The findings of this study would seem to corroborate Engestrom's (1987, 1999, 2008) exegesis that "contradictions generate disturbances and conflicts, but also innovative attempts to change the activity" (p. 206; see also Ilyenkov, 1977). The three contradictions discussed in this study shed some light on students' attempts to shape and gradually change their paper topic posting, feedback exchange, and writing processes. These online transactions compelled students to transform the emerging feedback dynamics by evoking feedback discussions in which they strove to complete the task-at-hand, share their historically- and politically-derived ideologies, and preserve friendly interrelations. Through their thought-provoking topics and online feedback discussions, students transformed these online feedback transactions and their papers by contextualizing or strategically avoiding materializing certain strategies. Initially, the thrust of this activity was to define an argument that enclosed salient values and offer feedback; however, what actually catalyzed these exchanges were students' instigated topics which were embedded in historically- and culturally-contradictory values. Students' intended goals were no longer simply mediated by their need to construct thought-provoking feedback, but also affected by their salient cultural experiences and often opposing values of sociopolitically constructed genres.

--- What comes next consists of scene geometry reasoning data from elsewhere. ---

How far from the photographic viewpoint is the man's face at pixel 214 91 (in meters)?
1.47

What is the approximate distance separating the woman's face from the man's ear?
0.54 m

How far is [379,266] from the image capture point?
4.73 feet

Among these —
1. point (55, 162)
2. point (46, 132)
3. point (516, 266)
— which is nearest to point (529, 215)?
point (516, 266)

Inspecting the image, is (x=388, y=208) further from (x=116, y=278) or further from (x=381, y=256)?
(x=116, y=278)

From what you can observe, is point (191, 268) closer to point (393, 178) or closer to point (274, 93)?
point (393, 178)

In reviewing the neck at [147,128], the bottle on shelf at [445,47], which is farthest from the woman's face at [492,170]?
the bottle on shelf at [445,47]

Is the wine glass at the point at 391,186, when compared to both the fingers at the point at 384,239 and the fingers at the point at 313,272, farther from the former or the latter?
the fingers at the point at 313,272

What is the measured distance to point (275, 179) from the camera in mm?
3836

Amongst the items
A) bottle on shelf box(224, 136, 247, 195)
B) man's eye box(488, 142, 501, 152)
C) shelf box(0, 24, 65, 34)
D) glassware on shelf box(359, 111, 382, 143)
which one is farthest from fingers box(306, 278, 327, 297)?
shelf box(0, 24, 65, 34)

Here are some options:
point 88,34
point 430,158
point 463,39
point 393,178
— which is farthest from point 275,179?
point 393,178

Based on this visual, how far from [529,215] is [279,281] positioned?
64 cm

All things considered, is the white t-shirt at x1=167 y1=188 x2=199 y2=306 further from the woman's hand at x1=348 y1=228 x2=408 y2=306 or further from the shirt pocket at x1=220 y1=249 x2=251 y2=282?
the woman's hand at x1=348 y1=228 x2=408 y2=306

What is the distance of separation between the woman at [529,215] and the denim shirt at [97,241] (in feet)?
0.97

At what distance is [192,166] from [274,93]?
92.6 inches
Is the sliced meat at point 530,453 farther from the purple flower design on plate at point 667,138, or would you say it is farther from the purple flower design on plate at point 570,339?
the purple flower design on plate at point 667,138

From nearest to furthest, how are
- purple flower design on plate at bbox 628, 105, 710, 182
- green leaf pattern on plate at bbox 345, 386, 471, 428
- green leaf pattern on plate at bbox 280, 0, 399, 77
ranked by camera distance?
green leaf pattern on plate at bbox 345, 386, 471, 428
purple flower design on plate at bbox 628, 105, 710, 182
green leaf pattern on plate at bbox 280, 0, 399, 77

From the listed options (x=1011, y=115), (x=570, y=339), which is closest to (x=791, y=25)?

As Lantolf & Genung (2002) correctly note, "motives and goals are formed and reformed under specific historical material circumstances" (p. 191). This gradual, yet inevitable, change in the feedback exchange conditions led to new tensions, but also guided students to draft their papers by contemplating or strategically avoiding their peers' feedback suggestions (see Lantolf & Genung, 2002; Lantolf & Thorne, 2006 for a more detailed discussion on the change of historically afforded learning conditions). Even though learning occurs within such evolving historically entailed conditions, it is not always feasible to anticipate the topics or the proffered feedback strategies. What drives these forums is the diversity in students' linguistic, cultural and personal experiences and how these instrumental experiences have shaped students' ideological beliefs. Not all students have strong convictions or knowledge about a particular sociopolitically enacted genre. For instance, Jamil's topic on the prolonged and atrocious wars that Lebanon had to endure mainly due to historical, political, and religious factors did not generate heated discussion or feedback suggestions. Only Vijay offered a brief feedback response to Jamil, indicating his interest in hearing a "Lebanese person's opinion on the palestine issue." Instead of devising suggestions on topics that students had no solid knowledge of, they focused on sociopolitical topics pertaining to their region or cultural and personal experiences or on genres for which they held strong ideological convictions. Instructors cannot expect that all instigated topics will receive equal attention or the same level of thought-provoking feedback. In-class or online discussions on such genres can help broaden students' knowledge, which, in return, can assist student-authors by raising critical questions to help them examine the multiple ideological constructs embedded in that genre.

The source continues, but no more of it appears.